Though these five points permit the exploitation of a large knowledge
repository (that is essential for efficiency reasons and practical use),
it is also clear that for efficiency and reliability reasons, a unique
server cannot be used to handle a universal knowledge repository by all
Web users. Knowledge has to be distributed and mirrored on various knowledge
servers. However, since there is no static conceptual schemas in knowledge
bases, the techniques of distributed database systems - such as
and TSIMMIS29 -
cannot all be reused.
A first step to the distribution of a knowledge repository is to duplicate it on several servers, with updates made on a server automatically duplicated in other servers. Some servers may be dedicated to searches and others to updates.

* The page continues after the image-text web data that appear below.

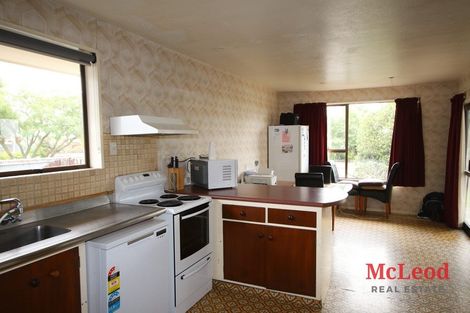Photo of property in 26 Mitchell Place, Netherby, Ashburton, 7700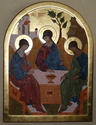 Holy%20Trinity (thumbnail)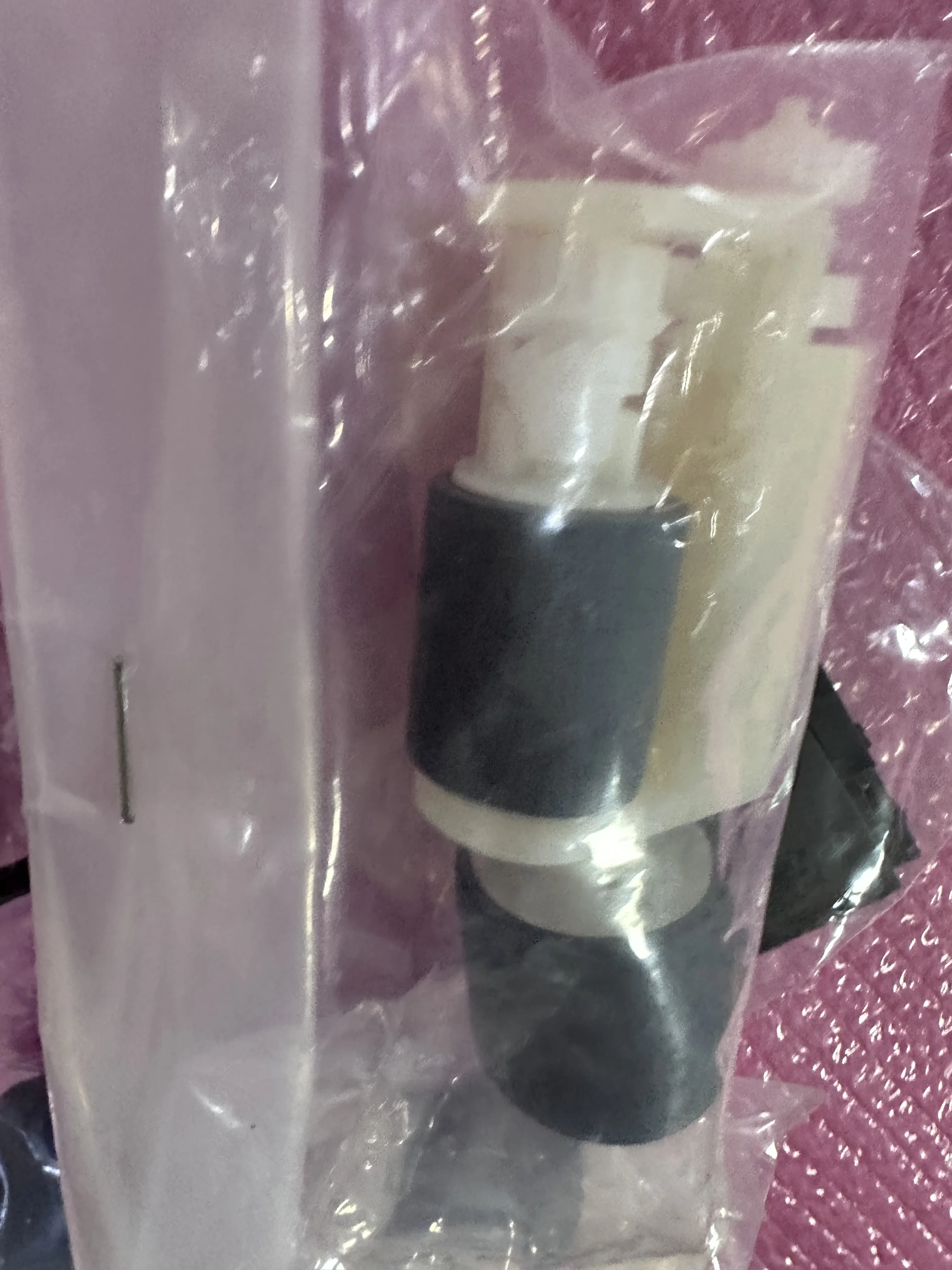 

1X комплект ролика захвата ADF для EPSON L5190 L5198 L5290 L5298 L6170 L6190 L6178 L6198 L6176 L6167 L6290 L6298 L6490 L6498 L14150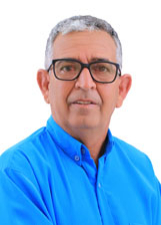 Foto de Edvaldo Fagundes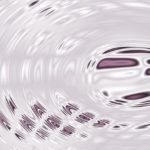 Ripples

A second step is to have general servers and specialized servers. A specialised server would store the same knowledge as general servers plus knowledge related to a well-defined set of objects, e.g. knowledge expressed with the subtypes of certain types. Since these sets of objects are well-defined (extensively or via definitions), a general server would store the URLs of these servers and, when answering a query, would delegate the query to the relevant servers if more precision is required. These sets of objects might be determined by the managers of specialized servers, or according to the frequency of accesses to objects in knowledge repositories. Whatever the specialised server a user updates, if the knowledge it enters is relevant to other servers (e.g. if the knowledge is expressed with general terms), it should be automatically duplicated in these servers The rationale of all these duplications is to speed searches and simplify the query mechanisms by avoiding, whenever possible, parallel searches in various servers and then the composition of the results.
Other steps may be necessary, but what should be avoided in this knowledge-based approach (hence precision-oriented) is to let the specialized servers developp independently of each others instead of being part of a unique consistent virtual knowledge repository. Otherwise, conceptual queries and cooperation across the repositories are no more possible, and as in current traders, a most relevant repository to answer a query has to be automatically "guessed".
Finally, knowledge servers should not be limited to the storage of knowledge statements: they should also allow a storage and handling of knowledge-based and document-based commands similar to the storage and handling we described for documents.
The more a piece of information is precisely represented, the more adequately it can be retrieved and exploited. General and intuitive knowledge representation languages seem best adapted for that. WebKB allows to use Conceptual Graphs and also simpler notations for less expressivivity or precision is needed. Ambiguities due to declared terms are partially solved according to the constraints in the used ontologies.
Storing knowledge within documents is handy but the scalability of this approach is limited. Ultimately, we believe a knowledge-based Web relies on scalable distributed cooperatively built knowledge repositories. We have proposed (and work on) some directions for that goal. In this view, knowledge-annotated documents can be used as isolated module of knowledge on which a user can work before submiting it to a knowledge server for integration. A document including commands can also be sent to a knowledge server as a template for generating virtual documents. Of course, scripts of commands could also be stored in a repository handled by a knowledge server and referred to from a document. We currently extend WebKB to allow these combinations.
In the same way as today we register a Web site, we will probably register knowledge representations (or documents including knowledge representations) and complement or refine each other's knowledge.